--- Work instruction ---
No pictures should appear in the copy; otherwise retype the entries exactly.

[Stored data entries]
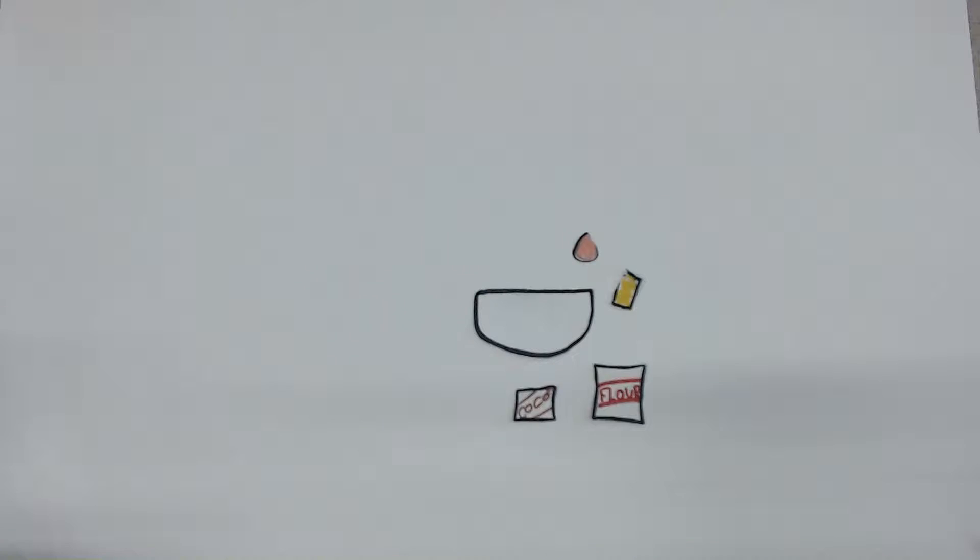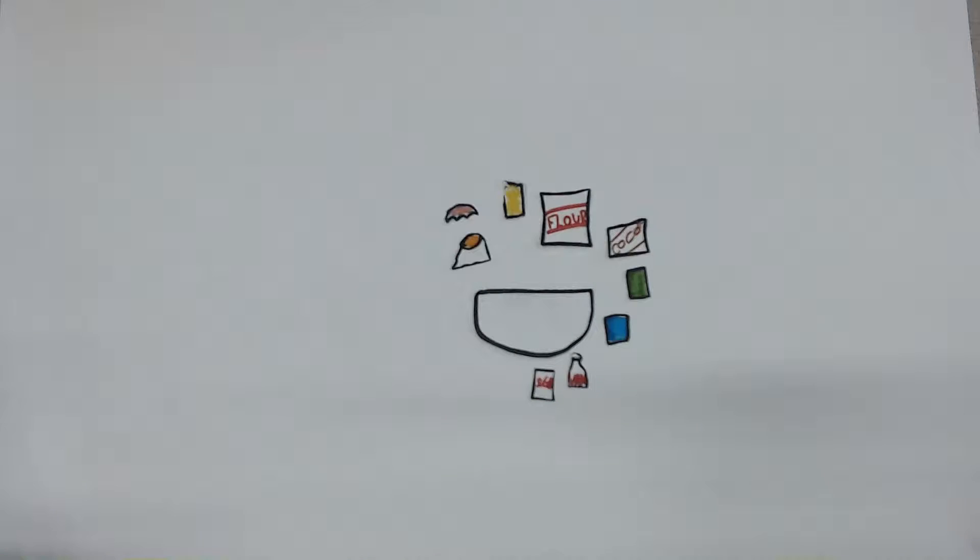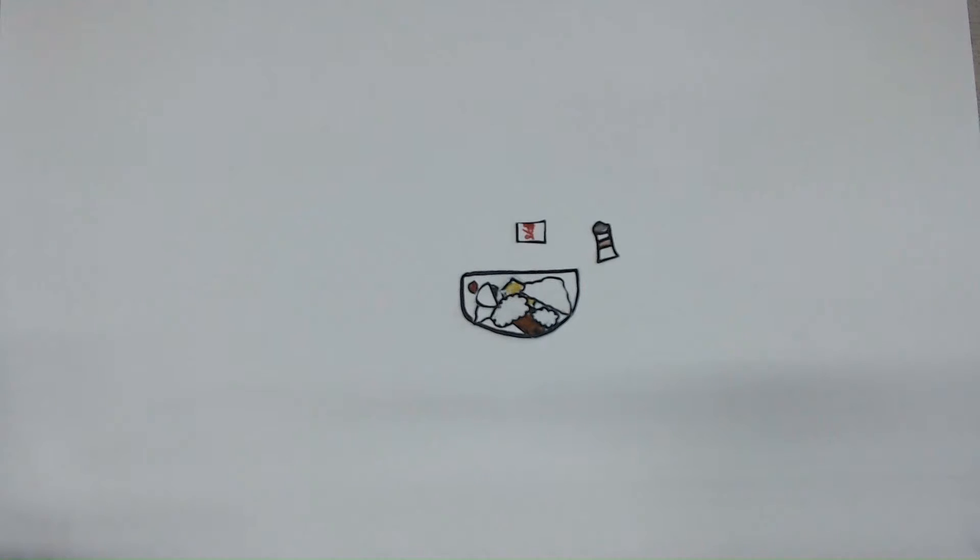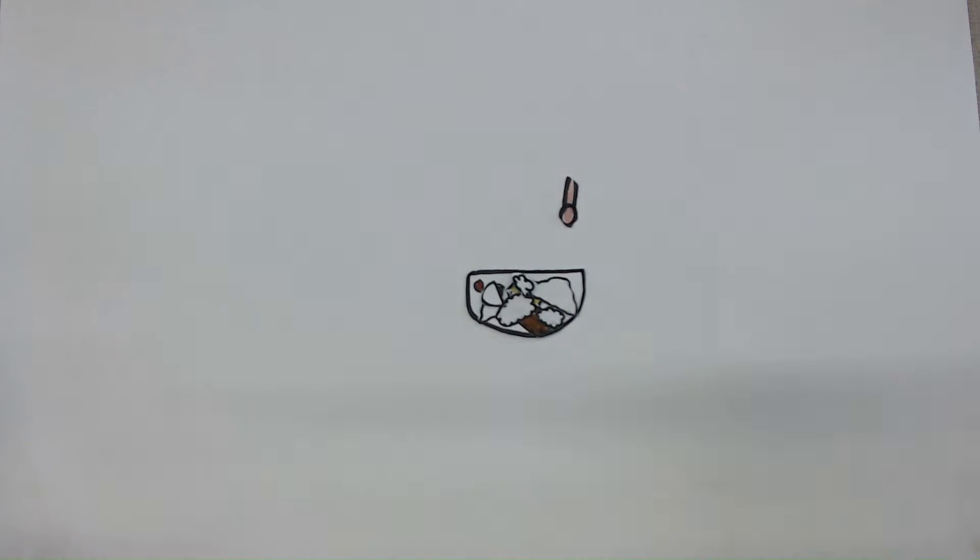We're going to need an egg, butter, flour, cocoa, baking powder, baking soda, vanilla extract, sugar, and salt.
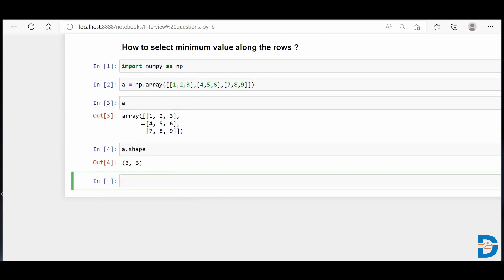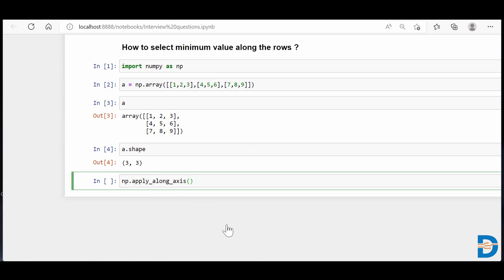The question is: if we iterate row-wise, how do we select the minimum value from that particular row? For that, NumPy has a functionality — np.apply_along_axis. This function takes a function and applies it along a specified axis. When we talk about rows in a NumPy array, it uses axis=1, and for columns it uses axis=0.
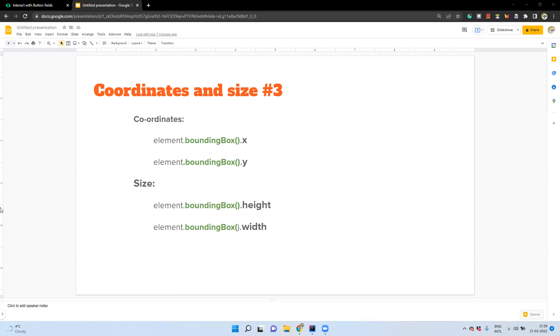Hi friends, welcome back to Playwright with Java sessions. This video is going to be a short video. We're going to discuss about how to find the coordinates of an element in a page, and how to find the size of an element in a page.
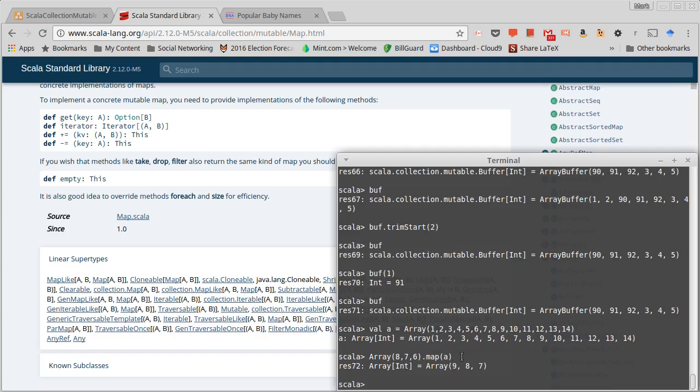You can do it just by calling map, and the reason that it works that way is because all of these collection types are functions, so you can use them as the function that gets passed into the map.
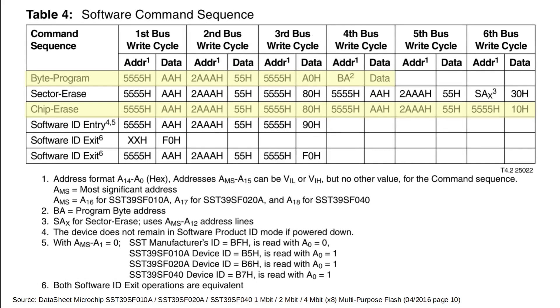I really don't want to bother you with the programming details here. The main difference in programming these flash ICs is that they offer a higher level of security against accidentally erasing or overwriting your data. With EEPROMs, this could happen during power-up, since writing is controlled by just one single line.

--- Your response ---
We're going to need an egg, butter, flour, cocoa, baking powder, baking soda, vanilla extract, sugar, and salt.
The question is: if we iterate row-wise, how do we select the minimum value from that particular row? For that, NumPy has a functionality — np.apply_along_axis. This function takes a function and applies it along a specified axis. When we talk about rows in a NumPy array, it uses axis=1, and for columns it uses axis=0.
Hi friends, welcome back to Playwright with Java sessions. This video is going to be a short video. We're going to discuss about how to find the coordinates of an element in a page, and how to find the size of an element in a page.
You can do it just by calling map, and the reason that it works that way is because all of these collection types are functions, so you can use them as the function that gets passed into the map.
I really don't want to bother you with the programming details here. The main difference in programming these flash ICs is that they offer a higher level of security against accidentally erasing or overwriting your data. With EEPROMs, this could happen during power-up, since writing is controlled by just one single line.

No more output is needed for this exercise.